NOTE: Some of the archive documents used to illustrate this story use outdated, and sometimes offensive language to refer to people with hearing loss or impairment. This should be viewed within the context of the documents and the time of their creation and does not reflect ORT’s current attitude to the Deaf community.
In March 1957 ORT began a significant programme in collaboration with Alliance Israélite Universelle (AIU) and AJDC – a school for deaf children in Casablanca. Previously there were no educational facilities for deaf children or those with a hearing impairment in the country. The Moroccan Jewish community lived in a poor quarter known as the Mellah. Deaf children didn’t learn to speak and were not sent to school. The new specialist ORT school was a godsend; its stated mission: ‘to train these children in a trade, to make them equal with others, to make them independent’.

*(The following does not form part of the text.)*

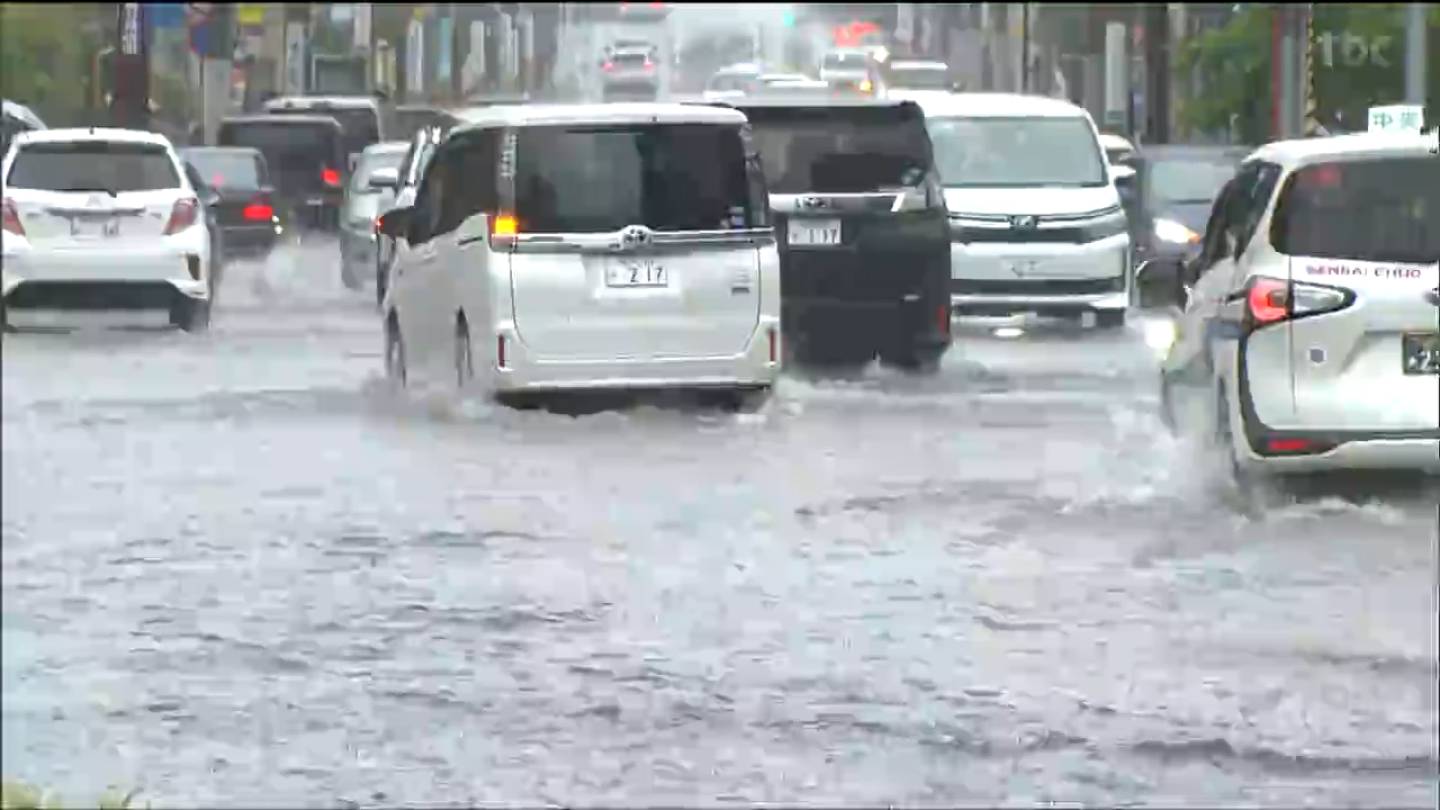 マンホールから水があふれて道路が冠水 仙台など大雨 引き続き低地の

Initially, ORT Morocco was asked to introduce manual work in a school for deaf children, created in very precarious conditions a few years earlier. It soon became apparent that this school needed much more than manual work. An agreement was concluded in 1957 between ORT Morocco, AJDC and AIU. Alliance was responsible for teaching general subjects at the school, with ORT managing the school and its vocational programme. Forty-two students were enrolled in the first year, split into four classes. This was the only school of its kind in Morocco, and as such, offered boarding to students from distant areas. By October 1958, 22 students were housed in the school’s boarding facility. ORT’s partners eventually withdrew and ORT took full responsibility for the school. The school received funding through ongoing donations by Swiss, British and American Women’s ORT organisations as well as individual donations by ORT supporters and grants from international aid organisations.

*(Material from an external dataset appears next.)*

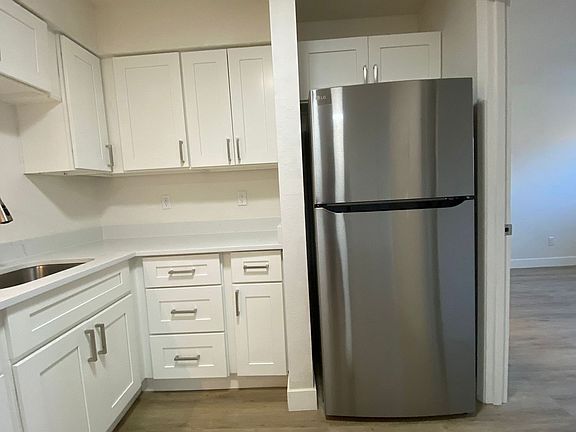 5th image of 1419 S J St #107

By 1962 there were 75 students enrolled. Dr Maria Egg of Zurich, an outstanding specialist in teaching of youngsters with hearing impairment, was sent to Morocco by ORT Union to introduce new methods for the ORT school. She also worked with the Moroccan Ministry of Education to help improve standards throughout the country. Following her visit another Swiss expert joined the school and the school’s director received specialist training in Switzerland. The school was considered one of the most advanced of its kind. Teachers spent hours with each student, using innovative techniques and the latest equipment to teach them to speak and improve the hearing of those students with some hearing left. The students were keen learners and advanced quickly.
"A DEAF CHILD OF THE MELLAH signals she understands. She is learning to speak and to hear at the first school in Morocco for deaf children opened recently by ORT."
As well as teaching students to speak, read and write, manual work and vocational skills were taught, in an effort to facilitate the students’ integration into society once they graduate. By 1960 some of the children in the school were able to attend the ORT Ain-Sebaa school in order to continue their studies there. By 1964 several students from the school continued their education normally at the ORT Ain-Sebaa or Val d'Anfa schools. For example, students Nezra and Flory studied sewing at Val d'Anfa while young Alain completed his apprenticeship in mechanics in 1964. Another student, Anita, was a 1964 graduate of the decoration section, finishing first in her class. They all remained in contact with the Institute during their vocational training in order to continue to improve their speech.
Nevertheless, it was a challenge to find the most suitable occupations for graduates, as Moroccan society was unused to deaf people at work and people with a hearing impairment were generally left out of the workplace. Young students were introduced to drawing, cutting, collage and weaving. Older boys, aged 14-16 were taught electricity, drawing, welding and mechanics. For the girls, a sewing workshop was set up. However, even when fully able to work in these professions, society wasn’t ready to accept deaf graduates. One talented student was denied receiving a dictation element in his state examination in mechanics so was unable to complete it. The school reported that in attempting to find work placements for graduates ‘few industrialists were willing to trust a deaf apprentice’. After much reflection and an in-depth study of the possibilities that could be offered to members of the Deaf community on the local labour market, the school’s management concluded that the profession of engraver would be well suited to the students. With the help of ORT Union the necessary equipment was acquired and an engraving workshop was opened in 1971.